Two-year-old Marcelina Doleglo walked straight up to the Dora the Explorer game playing on an iMac at an Apple Store in Oakbrook, Ill., set her Barbie doll down on the table and wrapped her tiny hand around the computer mouse.
But no matter how expertly the toddler clicked through the cartoon adventures, her mother, Agnieszka Doleglo, wasn't about to buy the $1,199 unit for a child who still fusses every day at nap time.
"Right now, she's definitely too small. She would drop it and break it, probably," said Doleglo, who added that she would reconsider when Marcelina is older -- perhaps 5 or 6.
Oh, how holiday shopping has changed in an era of technologically savvy kids.

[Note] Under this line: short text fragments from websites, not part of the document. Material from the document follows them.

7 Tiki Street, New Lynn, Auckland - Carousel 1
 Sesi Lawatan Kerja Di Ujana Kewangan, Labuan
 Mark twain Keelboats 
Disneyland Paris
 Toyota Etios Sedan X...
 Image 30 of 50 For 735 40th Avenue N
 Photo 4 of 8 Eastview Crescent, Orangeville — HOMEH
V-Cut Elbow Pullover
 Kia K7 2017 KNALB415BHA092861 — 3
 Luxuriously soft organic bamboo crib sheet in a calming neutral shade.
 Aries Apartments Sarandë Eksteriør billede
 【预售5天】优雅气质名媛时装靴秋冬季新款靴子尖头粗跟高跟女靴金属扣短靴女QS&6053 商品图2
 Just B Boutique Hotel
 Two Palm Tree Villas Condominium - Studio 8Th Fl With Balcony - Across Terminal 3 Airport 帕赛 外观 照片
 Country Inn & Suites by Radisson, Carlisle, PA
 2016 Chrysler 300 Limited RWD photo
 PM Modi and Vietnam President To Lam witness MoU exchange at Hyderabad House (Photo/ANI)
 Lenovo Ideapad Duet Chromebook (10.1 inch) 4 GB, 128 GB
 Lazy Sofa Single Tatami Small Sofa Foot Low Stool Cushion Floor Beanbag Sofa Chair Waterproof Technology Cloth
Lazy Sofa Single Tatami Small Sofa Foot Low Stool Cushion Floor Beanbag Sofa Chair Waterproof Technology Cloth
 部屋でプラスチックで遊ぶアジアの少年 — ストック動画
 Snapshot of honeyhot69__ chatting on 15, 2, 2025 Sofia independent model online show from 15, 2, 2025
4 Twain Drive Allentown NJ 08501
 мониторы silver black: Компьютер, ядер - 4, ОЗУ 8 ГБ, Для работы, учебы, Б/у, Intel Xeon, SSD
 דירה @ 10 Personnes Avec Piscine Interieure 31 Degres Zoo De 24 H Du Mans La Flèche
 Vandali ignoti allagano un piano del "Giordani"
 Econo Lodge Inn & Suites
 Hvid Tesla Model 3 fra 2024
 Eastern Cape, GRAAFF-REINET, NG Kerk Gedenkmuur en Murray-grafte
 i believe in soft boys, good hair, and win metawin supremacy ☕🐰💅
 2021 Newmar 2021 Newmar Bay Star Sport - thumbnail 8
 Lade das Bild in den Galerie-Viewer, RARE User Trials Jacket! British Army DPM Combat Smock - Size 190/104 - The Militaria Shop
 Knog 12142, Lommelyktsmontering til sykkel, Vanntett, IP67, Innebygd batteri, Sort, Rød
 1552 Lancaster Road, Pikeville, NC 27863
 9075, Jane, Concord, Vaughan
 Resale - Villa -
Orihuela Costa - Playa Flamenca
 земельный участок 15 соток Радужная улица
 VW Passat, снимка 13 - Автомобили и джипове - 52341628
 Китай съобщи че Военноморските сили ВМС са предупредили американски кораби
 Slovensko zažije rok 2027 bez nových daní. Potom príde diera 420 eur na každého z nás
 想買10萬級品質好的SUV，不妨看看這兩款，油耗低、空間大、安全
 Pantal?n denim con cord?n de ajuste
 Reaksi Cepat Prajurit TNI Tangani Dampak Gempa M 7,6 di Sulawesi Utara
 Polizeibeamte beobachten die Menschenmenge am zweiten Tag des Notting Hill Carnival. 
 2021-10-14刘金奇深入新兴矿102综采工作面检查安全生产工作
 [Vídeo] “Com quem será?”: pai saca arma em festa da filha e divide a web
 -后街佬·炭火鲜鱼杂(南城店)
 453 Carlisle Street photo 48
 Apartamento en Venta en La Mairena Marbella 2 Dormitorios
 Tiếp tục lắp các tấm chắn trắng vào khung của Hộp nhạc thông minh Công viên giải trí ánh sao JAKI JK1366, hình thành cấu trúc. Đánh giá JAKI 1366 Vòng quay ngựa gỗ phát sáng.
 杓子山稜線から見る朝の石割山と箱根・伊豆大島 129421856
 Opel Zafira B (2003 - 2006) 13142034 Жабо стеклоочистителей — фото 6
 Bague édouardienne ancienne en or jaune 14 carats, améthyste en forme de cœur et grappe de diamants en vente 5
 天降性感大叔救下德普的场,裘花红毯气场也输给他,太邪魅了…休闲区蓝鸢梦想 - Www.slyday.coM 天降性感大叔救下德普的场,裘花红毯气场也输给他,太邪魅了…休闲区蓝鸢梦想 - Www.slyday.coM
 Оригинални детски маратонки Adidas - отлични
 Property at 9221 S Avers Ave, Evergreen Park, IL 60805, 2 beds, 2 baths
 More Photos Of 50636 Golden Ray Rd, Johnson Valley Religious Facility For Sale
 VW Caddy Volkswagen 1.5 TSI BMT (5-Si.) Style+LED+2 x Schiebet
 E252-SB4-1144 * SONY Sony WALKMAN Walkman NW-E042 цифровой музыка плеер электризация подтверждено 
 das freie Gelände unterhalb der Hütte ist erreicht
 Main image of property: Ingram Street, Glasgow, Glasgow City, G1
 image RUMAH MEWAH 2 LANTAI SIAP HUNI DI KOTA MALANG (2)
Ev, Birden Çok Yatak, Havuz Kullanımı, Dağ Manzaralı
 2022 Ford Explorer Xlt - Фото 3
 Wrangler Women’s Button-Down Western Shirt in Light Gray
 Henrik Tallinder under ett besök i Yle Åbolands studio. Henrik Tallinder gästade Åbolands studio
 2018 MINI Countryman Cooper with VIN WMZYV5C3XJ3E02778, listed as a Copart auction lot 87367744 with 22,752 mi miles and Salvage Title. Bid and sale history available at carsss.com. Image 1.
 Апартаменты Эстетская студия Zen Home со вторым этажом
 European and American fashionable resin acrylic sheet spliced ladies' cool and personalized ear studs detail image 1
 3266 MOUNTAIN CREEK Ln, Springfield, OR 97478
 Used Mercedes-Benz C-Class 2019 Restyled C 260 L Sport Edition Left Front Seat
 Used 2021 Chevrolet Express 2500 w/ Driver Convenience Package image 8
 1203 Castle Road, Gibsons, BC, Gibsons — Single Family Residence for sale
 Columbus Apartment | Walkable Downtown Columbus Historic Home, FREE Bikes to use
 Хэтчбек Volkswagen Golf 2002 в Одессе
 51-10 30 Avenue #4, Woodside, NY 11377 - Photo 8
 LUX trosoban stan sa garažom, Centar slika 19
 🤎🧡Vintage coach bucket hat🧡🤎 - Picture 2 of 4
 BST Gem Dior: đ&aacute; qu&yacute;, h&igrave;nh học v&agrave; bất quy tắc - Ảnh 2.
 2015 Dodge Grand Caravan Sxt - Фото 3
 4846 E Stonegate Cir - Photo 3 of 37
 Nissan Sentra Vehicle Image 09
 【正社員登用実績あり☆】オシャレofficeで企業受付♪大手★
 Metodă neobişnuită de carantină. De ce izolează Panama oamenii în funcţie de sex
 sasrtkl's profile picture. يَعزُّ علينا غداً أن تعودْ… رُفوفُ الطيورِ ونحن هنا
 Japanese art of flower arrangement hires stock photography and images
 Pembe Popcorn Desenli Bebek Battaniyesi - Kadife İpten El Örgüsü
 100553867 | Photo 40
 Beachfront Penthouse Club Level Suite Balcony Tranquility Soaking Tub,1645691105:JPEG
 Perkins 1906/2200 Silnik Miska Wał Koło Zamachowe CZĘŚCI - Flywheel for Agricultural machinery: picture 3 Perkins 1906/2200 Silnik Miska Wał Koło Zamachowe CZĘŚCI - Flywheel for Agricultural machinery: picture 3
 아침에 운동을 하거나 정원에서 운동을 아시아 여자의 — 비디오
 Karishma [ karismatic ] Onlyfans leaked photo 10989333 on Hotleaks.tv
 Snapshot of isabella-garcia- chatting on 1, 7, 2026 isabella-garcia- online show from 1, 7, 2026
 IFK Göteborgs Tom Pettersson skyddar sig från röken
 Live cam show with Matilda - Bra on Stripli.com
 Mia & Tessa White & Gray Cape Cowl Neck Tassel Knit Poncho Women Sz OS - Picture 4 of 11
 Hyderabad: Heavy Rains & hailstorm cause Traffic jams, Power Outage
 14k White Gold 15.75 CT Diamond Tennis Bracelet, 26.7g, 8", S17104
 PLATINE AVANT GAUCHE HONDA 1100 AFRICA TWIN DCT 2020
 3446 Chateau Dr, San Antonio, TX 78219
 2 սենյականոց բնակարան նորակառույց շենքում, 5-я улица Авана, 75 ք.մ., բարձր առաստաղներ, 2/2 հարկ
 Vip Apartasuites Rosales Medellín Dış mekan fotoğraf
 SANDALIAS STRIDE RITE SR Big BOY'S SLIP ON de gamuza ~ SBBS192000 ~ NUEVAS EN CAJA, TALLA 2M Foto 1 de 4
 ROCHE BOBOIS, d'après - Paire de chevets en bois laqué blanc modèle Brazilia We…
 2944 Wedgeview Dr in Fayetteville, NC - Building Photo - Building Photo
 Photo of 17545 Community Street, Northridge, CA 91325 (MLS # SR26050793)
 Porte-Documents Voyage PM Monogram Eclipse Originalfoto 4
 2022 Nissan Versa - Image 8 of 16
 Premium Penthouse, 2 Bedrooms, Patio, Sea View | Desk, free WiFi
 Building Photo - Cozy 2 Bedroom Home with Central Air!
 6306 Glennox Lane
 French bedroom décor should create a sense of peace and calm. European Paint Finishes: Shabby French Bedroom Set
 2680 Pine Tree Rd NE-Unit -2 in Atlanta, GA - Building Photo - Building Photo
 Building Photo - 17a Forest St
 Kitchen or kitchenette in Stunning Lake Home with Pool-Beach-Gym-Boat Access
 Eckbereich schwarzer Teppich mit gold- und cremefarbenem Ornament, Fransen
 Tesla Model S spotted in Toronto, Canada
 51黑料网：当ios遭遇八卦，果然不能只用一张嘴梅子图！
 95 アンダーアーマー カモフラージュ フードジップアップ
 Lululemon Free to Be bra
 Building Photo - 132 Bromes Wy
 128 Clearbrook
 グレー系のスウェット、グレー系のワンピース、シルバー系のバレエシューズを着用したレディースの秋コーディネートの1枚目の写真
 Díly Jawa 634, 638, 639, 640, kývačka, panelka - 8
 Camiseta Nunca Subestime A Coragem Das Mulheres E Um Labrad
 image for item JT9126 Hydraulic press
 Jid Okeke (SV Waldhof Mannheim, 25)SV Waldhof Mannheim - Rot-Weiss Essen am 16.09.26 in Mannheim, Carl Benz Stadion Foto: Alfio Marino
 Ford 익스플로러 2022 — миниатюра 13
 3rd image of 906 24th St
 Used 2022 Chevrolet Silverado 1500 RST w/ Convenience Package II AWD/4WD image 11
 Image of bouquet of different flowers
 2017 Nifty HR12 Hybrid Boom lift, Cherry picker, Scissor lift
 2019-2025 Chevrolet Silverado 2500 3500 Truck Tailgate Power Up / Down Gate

Forget new bicycles, hula hoops and telescopes; even Nintendo Wiis and Microsoft Xboxes have fallen lower on this season's wish lists. According to a Nielsen study released last month, 31 percent of kids 6 to 12 want an Apple iPad, more than all other electronics this year. Computers and the iPod Touch tie for the next most requested devices, at 29 percent.
Those who study the retail industry and technology say kids' desires for big-ticket electronics are not surprising, given the way gadgets have evolved -- with applications specifically designed for children as young as 3 -- in recent years.
It does, however, force parents to set guidelines on how young is too young to receive a piece of expensive equipment. In an online national survey of parents with children 12 and younger, 49 percent reported plans to give their kids electronic gifts -- from cell phones to computers to iPads -- for Christmas and Hanukkah this year.
"There's a real passion on the part of kids in this particular generation for this technology," said Lesli Rotenberg, senior vice president of Children's Media for PBS Kids, which conducted the study. "The challenge is for parents who are navigating this territory."